Enfin, les entreprises industrielles et de transport continueront d’investir dans l’automatisation de leurs process, y compris logistiques, et solliciteront les ESN pour des prestations d’accompagnement et d’intégration de logiciels. Dans ce contexte, nous anticipons une croissance soutenue du chiffre d’affaires des ESN (5 % par an en moyenne entre 2022 et 2024, après un bond de 7 % en 2021). Rappelons qu’il dépassait déjà 58 milliards d’euros l’an dernier.
Les pressions concurrentielles pourraient monter d’un cran ?
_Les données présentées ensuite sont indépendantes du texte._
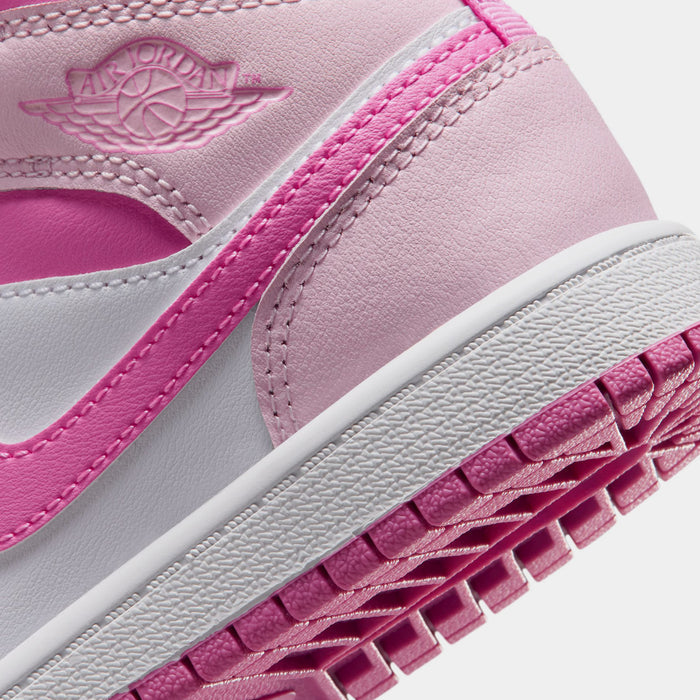 Air Jordan 1 Mid Preschool Shoes (Pink Foam/China Rose/White)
Si l’activité des ESN sera bien orientée à l’horizon 2024, les pressions concurrentielles resteront fortes. D’un côté, le recours croissant au cloud limite considérablement les besoins des DSI en matière d’infogérance présentielle et de maintenance informatique. De même, la rapidité de déploiement dans le cloud réduit la portée des contrats d’intégration et, de fait, la valeur facturée au client. Résultat, les marges chutent, en particulier dans l’infogérance. D’un autre côté, désireux de capter une partie de la manne de la transformation digitale des organisations, des acteurs connexes aux services numériques concurrencent désormais frontalement les ESN historiques. Par exemple, les spécialistes de l’intérim montent en gamme et se positionnent désormais sur l’externalisation d’ingénieurs. Pour mener à bien cette stratégie, Adecco a notamment absorbé Akka Technologies en juillet 2021. Mais la plus grande menace pour les ESN est la pénurie de main d’œuvre qui entraîne un risque d’inflation salariale.
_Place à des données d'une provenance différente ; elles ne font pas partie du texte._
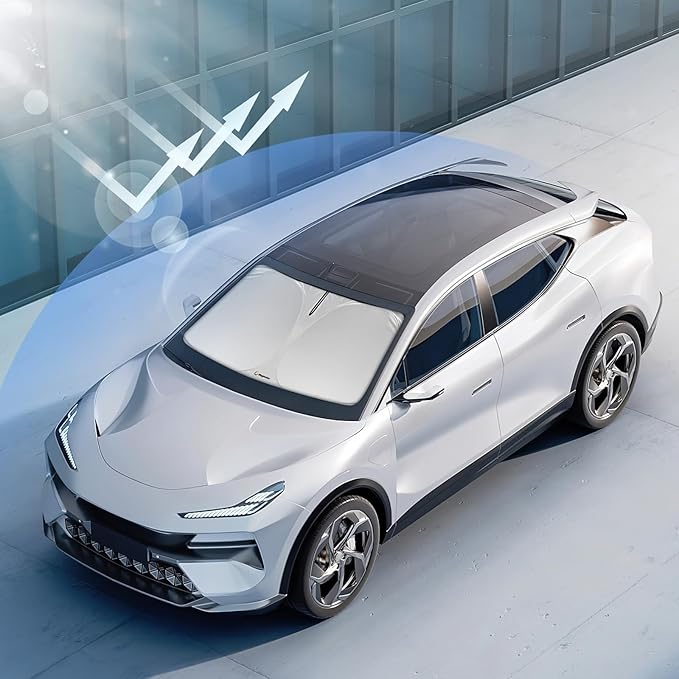 Windshield Sunshade for Hyundai Tucson 2022 2023 2024 2025 2026 - Innovative No-Light-Pass Technology, Mirror Cut-Out, Blocks 99% UV Rays, Fade-Resistant, Easy-Fold Tucson Windshield Sun Shade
La marque employeur est une priorité majeure des professionnels confrontés à des difficultés de recrutement et au besoin de fidéliser les employés. La pénurie d’ingénieurs pourrait empêcher la réalisation de missions en cette période de reprise. Dans ce contexte, le risque d’inflation salariale est réel et constitue une menace sur un marché déflationniste.
Quels sont les leviers activés par les ESN ?
Face aux pressions tarifaires de plus en plus vives sur le marché français (notamment sur le segment des grands comptes) et à l’intensification de la concurrence, les ESN activent différents leviers. Elles ont ainsi progressivement repensé leur organisation ces dernières années. Les leaders se sont notamment tournés vers le nearshoring et l’offshoring en transférant une partie de leurs activités dans des pays à faible coût de main d’œuvre. L’optimisation des coûts passe également par la cession des activités les moins rentables et le développement du flex office pour économiser les charges immobilières.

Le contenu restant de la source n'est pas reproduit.